Below the video are six brief tales—all odd, all true: “One Man, Two Graves,” “Queen of the Street,” “Apartment of the Damned,” “Urban Python,” “American in Almaty,” and “Songs in Sequence.”
SIX TALES
One Man, Two Graves
In my late teens, riding a Trailways bus across the broad expanse of Virginia, I struck up a conversation with the woman sitting next to me. I asked what she did for a living, and she said she was owner of a cemetery. (Before that day, I had never thought of a necropolis as an entrepreneurial endeavor.) I said, “That line of business must provide you with some interesting stories.” She smiled and nodded, with eyebrows a-flutter. “What’s your most interesting story?” I asked. After thinking, she said (and, of course, I paraphrase after 50 years): “I once came very close to selling two side-by-side plots to a man who believed in reincarnation. He wanted his future self to rest beside his current self." She and he discussed this plan for quite a while before the man reluctantly gave up and opted for a single plot.
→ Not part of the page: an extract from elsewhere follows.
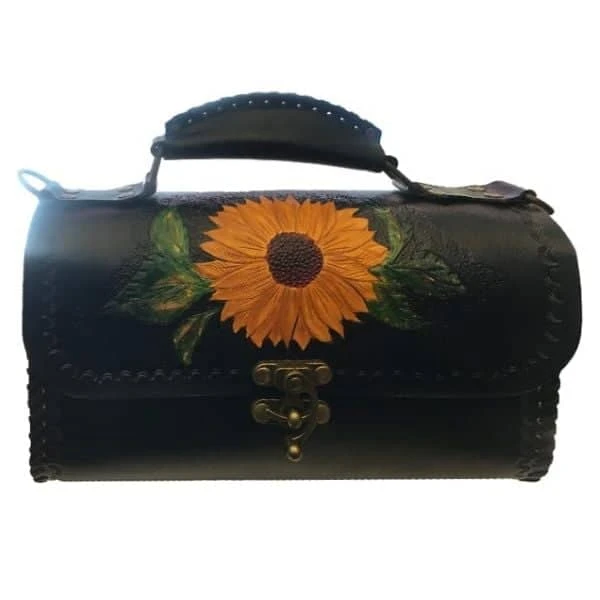 El Yapımı Çiçek Desenli Deri Çanta Siyah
The snag was that neither of them could figure a method by which the buyer’s current incarnation could let his reincarnated self know where the plot was. Nor could they figure a legal means to transfer ownership of the second plot to someone who would not be born till after the buyer’s had died and whose identity could not be known in advance. RIP x 2.
Queen of the Street
In the early 1980s, my then-girlfriend, now-wife, Alanna, often found herself riding New York subway cars loaded with eccentrics—some intimidating, some comical, some tragic. Once, she sat near a homeless gentleman applying black shoe polish to his socks (not his shoes) and attempting to shine them. At some stop, the door opened and another street person entered the car—an older African-American woman, seemingly carrying all her worldly possessions in a large set of shopping bags. After she seated herself, the sock-polish man looked at her and shouted, “Queen of Sheba! I haven’t seen you in ages!!!” The woman took on a look that suggested confusion and mild alarm at this man calling attention to her.
Some months later, Alanna and I walked down Upper Broadway and spied a woman sitting in the doorway of a church, her possessions by her in a set of store bags. Alanna tugged sharply at my sleeve and said, quietly, “That’s her. That’s Queen of Sheba—the woman I saw on the subway.”
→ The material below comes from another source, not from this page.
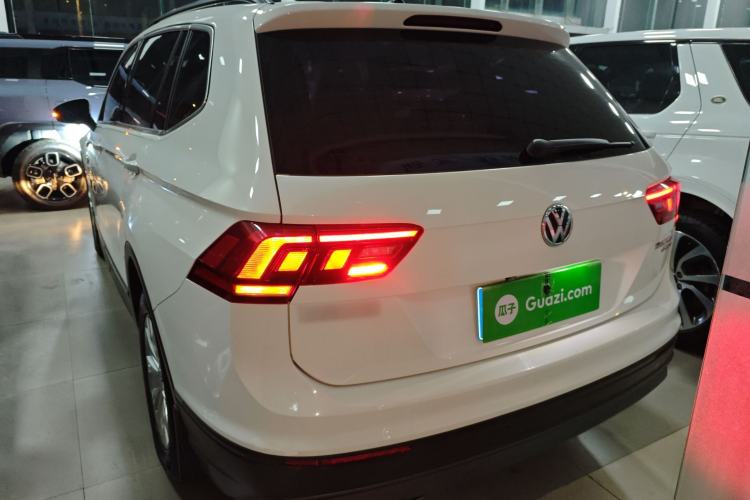 Used Volkswagen Tiguan L 2017 330TSI Automatic Two-Wheel Drive Luxury Edition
In the months afterward, I occasionally saw her sitting in that doorway, always quietly minding her own business, seemingly traveling in her own world. Somehow, I learned that “Queen of Sheba” was, indeed, her street name. One day, as I walked down that stretch of Broadway, I heard singing—a fine, high-pitched, perfectly in-tune voice giving an ethereal performance of a Gershwin tune. (“Summertime,” I think, but I could be wrong.) I turned, expecting to find some Juilliard voice major busking for change on the weekend. Instead, it was Queen of Sheba, sitting in that doorway, singing to herself and to no one else. I stopped to listen—discreetly, so as not to obviously invade her privacy. Ever since, I’ve wondered who she was, how she ended up in such circumstances, and what someone with that gift of a voice might have been had life taken a different turn.
Apartment of the Damned
In college, I visited the apartment of a young woman whose name has long-since fled my memory. She lived in a nondescript five- or six-story apartment building with doors leading out onto open balconies like a 1960s Holiday Inn. At some point, I asked whether she knew the other tenants in the building, and she proceeded to describe one hallucinatory vignette after another.
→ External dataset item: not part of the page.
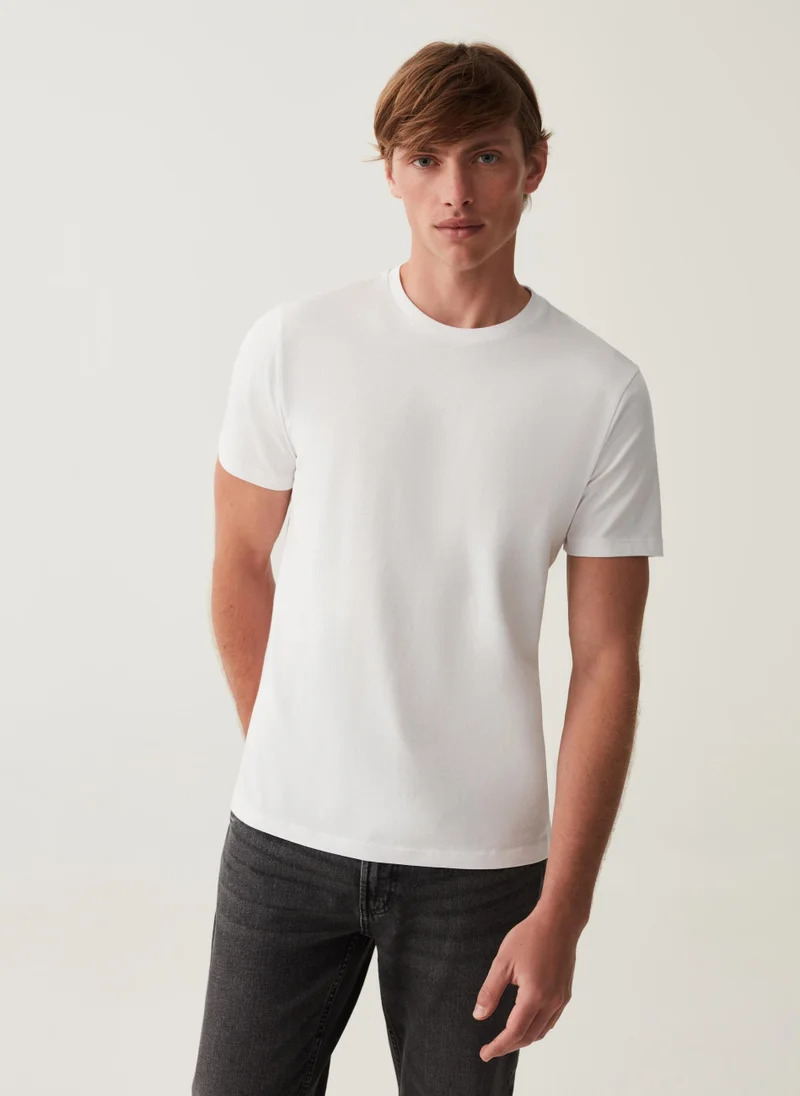 او في اس Two-pack T-shirts with round neck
She had never seen her immediate neighbor, save for his right hand. Periodically, the hand would emerge from the door, holding a cat. After depositing the cat on the balcony, the hand would retract, and the door would shut. Somewhat later, the process would reverse, with hand emerging to retrieve the cat, followed by the shutting of the door. Down the hall lived a young man with whom she occasionally chatted on the balcony. One day, he invited her into his apartment, and she found herself standing in an expansive living room with no furniture, whose only contents were a bicycle and a periodic table of the elements pinned on a wall. Another resident, she said, was well-known to the other tenants for his habit of climbing a tree behind the building, rattling a chain, and making ghostly moaning sounds. She told perhaps five more tales of equally bizarre tenants, but I’ve forgotten those. Some months later, I ran into her again and asked what was new. “Well,” she said, “I moved.”
Urban Python
When I worked at Chase Manhattan Bank in Lower Manhattan, one of my young colleagues was a woman who lived high up in an Upper East Side apartment building. One of her apartment-mates worked in finance and the other in fashion. One morning, her roommates called her—shrieking and pleading with her to return to the apartment. One of the other women had been lingering in bed, when she happened to glance down toward her feet. There, coiled up on the bed, was an enormous python. She thrashed, frightening the snake, which crawled over her legs, descended from the bed, and disappeared into a previously unnoticed hole in the wall. She and her roommates opted to stay with friends while the building’s management investigated the peculiar occurrence. Somehow, a “snake-charmer” was located. (You could find anything in the yellow pages of a 1980s Manhattan phone book.) The charmer coaxed the serpent from its hiding place and wrangled it away in a pillow sack. All was quiet again on the Upper East Side.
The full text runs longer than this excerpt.